The Bradford Road junction with Smith Carr Lane and not a motor vehicle in sight but there is still plenty of horse power to be seen even on what appears to be a very quiet day.
The large building with the steps to the front door was the Martins Nest public house but having seen its best years as a pub becoming something of the past in recent years, it was transformed into what is now the very popular Thaal Indian Restaurant.
This photograph was taken during the period when Mr A. Bottomley was the licensee 1909. The Martins Nest was used in the early days when Bradford Road was a turnpike road. Like the Punch Bowl at Bailiff Bridge and the George Hotel in the town centre, the Martins Nest was built or converted to be a resting place for weary travellers with facilities at the back for stabling the horses and space to park-up the carriage.
There is evidence that the era of modern passenger transport for the masses had arrived with the tramcar tracks clearly visible. This was part of the route from the George Hotel through to Bailiff Bridge and was opened in October 1904.

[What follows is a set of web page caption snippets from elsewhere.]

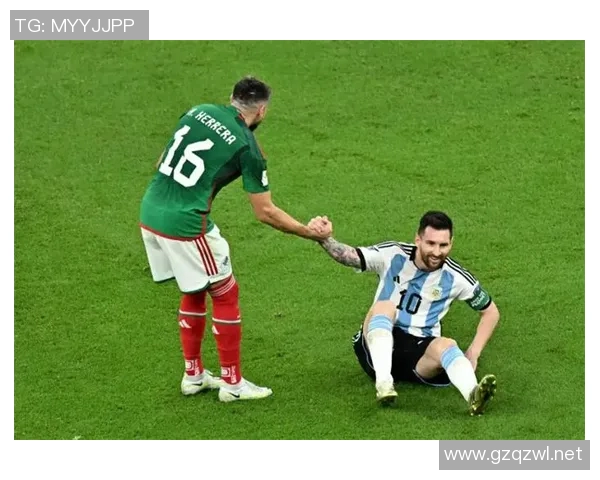 世界杯预选赛：墨西哥主场大胜美国，洛萨诺梅开二度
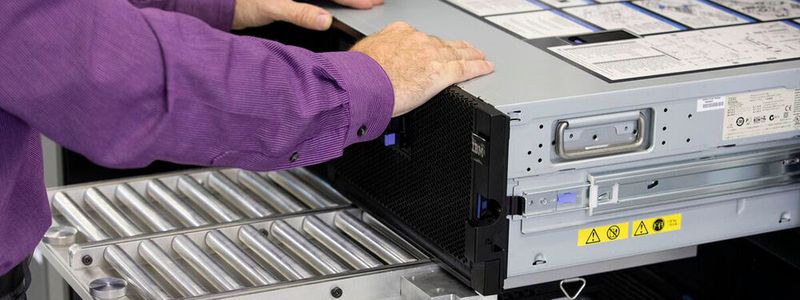 Die Hublifte, die Daxten anbietet, lassen sich seit Kurzem mit der Gleitplattform „GT-1000X“ ausstatten.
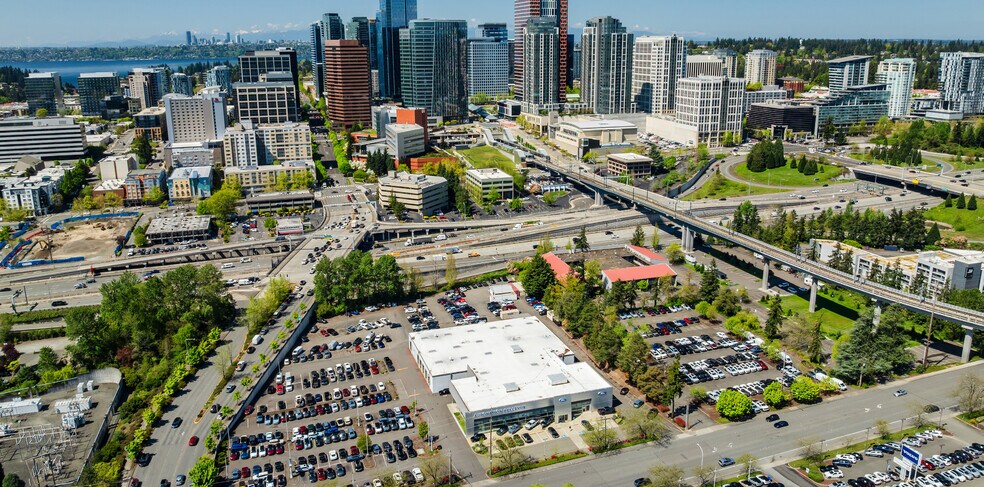 411 116th Ave NE, Bellevue, WA à louer - Photo de l’immeuble – Image 2 sur 6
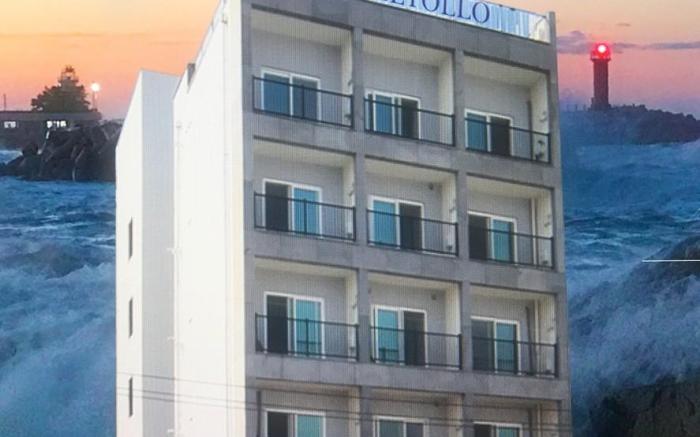 Yolo Hotel & Pension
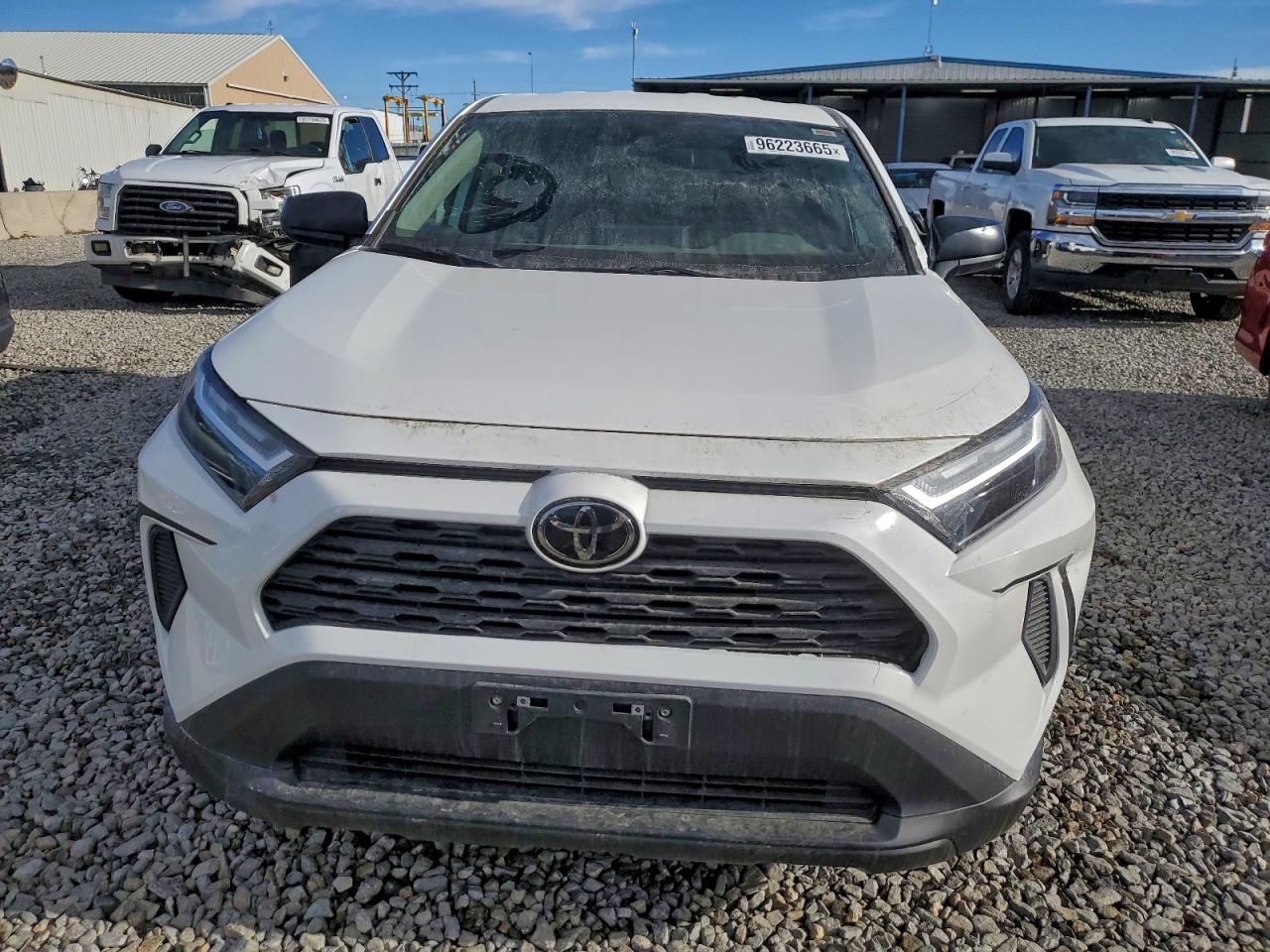 2024 TOYOTA RAV4 LE photo 9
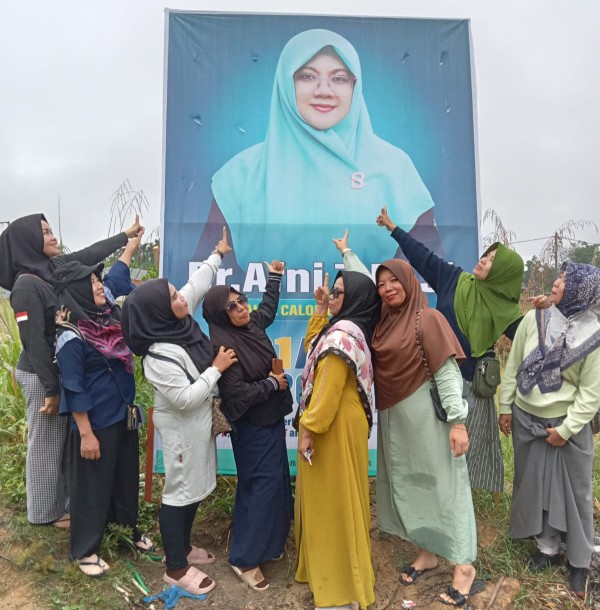 Serius Maju Pilkada, Baliho Afni Berserak se Siak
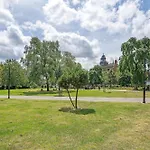 20 Min From City Centre 2 Bedrooms W Ensuite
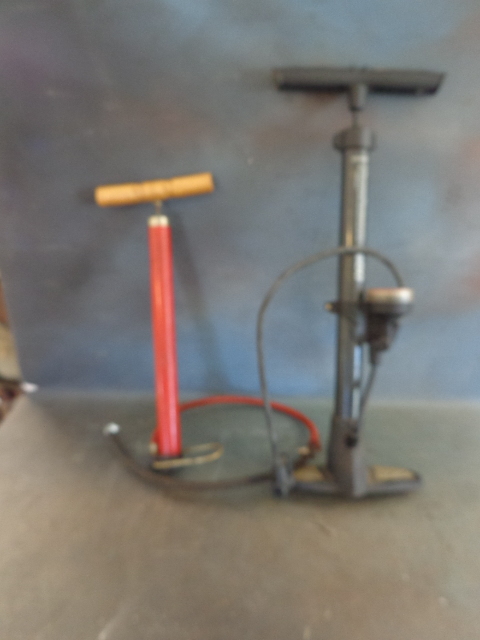 lot 228 image: Tire Pumps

In our second featured photograph are all the tramway track layers sat on the steps outside the Martins Nest in 1904, no doubt suitably refreshed before being caught on camera. They could never have dreamt that over a hundred years later we could still be able to see them posing on that summers day all those years ago.
By the early 1920s Bailiff Bridge had a bus service through to Brighouse and that was a bus service in the modern sense. The Brighouse Motor Agency which had been established on Bradford Road (where the A1 Power tool company is now) just out of the village. It was just after the First World War when the new bus service was up and running and that was before the first trams had started to arrive in Brighouse from Huddersfield, in 1923.
Looking just beyond the Martins Nest and the advertising hoardings is the junction of Cross Street and clearly visible is the corner door to what is now Tastebuds Sandwich shop but when this photograph was taken it was Mr D. Hamshaw’s grocery shop.
Returning to the Martins Nest and looking at the frontage to the right of the fall pipe, that side of the building appears to be newer than the left hand side judging from the colour of the stone. The rather elaborately shaped chimney on the frontage also appears to be new stone. If you look on the present day building that chimney is no longer there. The other clue to that side being new is the positioning of the steps to the front door. They are clearly in the middle of the older part of the building.
Peering between the trees on the horizon is the Victorian Gentleman’s residence ‘Ellwood’. Some of the owners have included members of the Kershaw family notably Cornelius Kershaw and members of the Stott family who had the North Vale Doubling Mills at Bailiff Bridge. It was sold in 1982 as a family home and was converted to a residential home for the elderly but was demolished when a planning application was submitted to build a new four-storey 60 bed residential home on the site. But there is no sign yet of any development on the now vacant 1.81 acre site.
These are two photographs that can tell us so much about just a small section of Bradford Road.